Source material:
^^^^
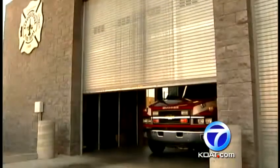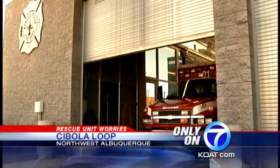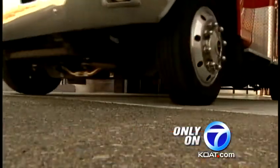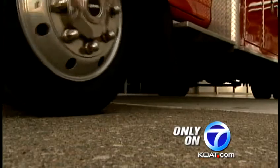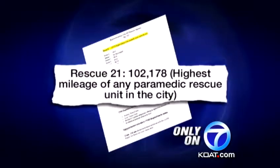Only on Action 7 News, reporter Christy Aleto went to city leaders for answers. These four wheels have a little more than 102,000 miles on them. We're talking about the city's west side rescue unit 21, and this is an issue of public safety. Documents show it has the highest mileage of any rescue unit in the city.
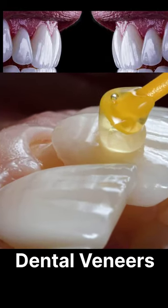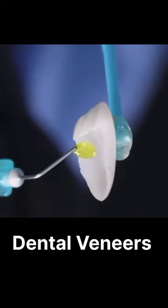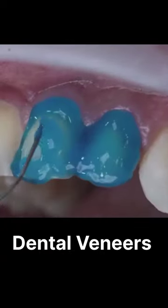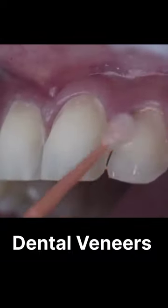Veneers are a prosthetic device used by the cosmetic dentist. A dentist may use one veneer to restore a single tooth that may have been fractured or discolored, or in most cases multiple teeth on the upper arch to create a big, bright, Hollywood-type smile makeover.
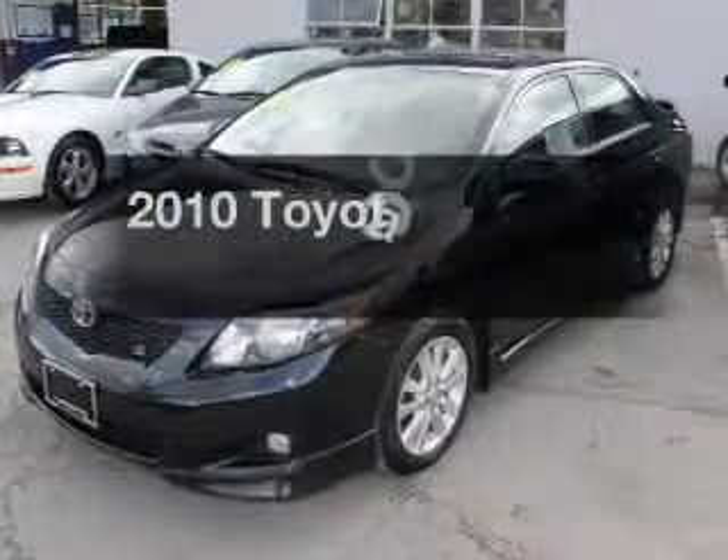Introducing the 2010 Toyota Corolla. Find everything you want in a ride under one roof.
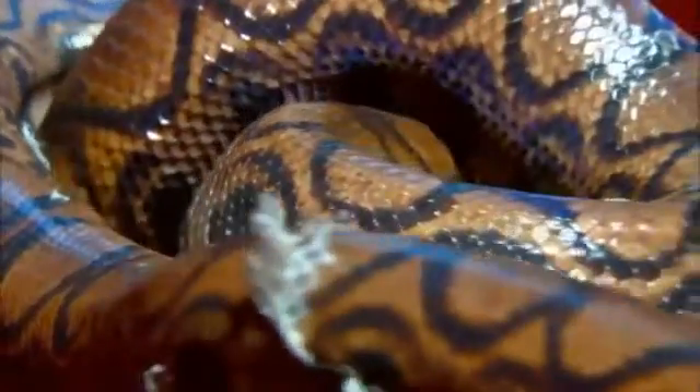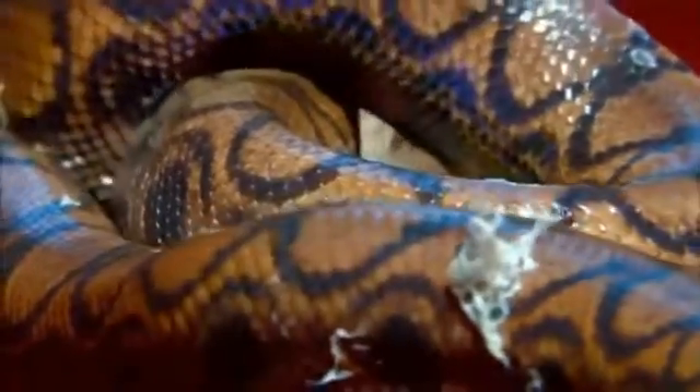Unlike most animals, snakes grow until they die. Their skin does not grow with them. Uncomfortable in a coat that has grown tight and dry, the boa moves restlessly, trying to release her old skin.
^^^^
Try it: Reproduce exactly, with no pictures, the lines above from the one holding "Veneers are a" to the one holding "Introducing the 2010", inclusive.

Finished task:
Veneers are a prosthetic device used by the cosmetic dentist. A dentist may use one veneer to restore a single tooth that may have been fractured or discolored, or in most cases multiple teeth on the upper arch to create a big, bright, Hollywood-type smile makeover.
Introducing the 2010 Toyota Corolla. Find everything you want in a ride under one roof.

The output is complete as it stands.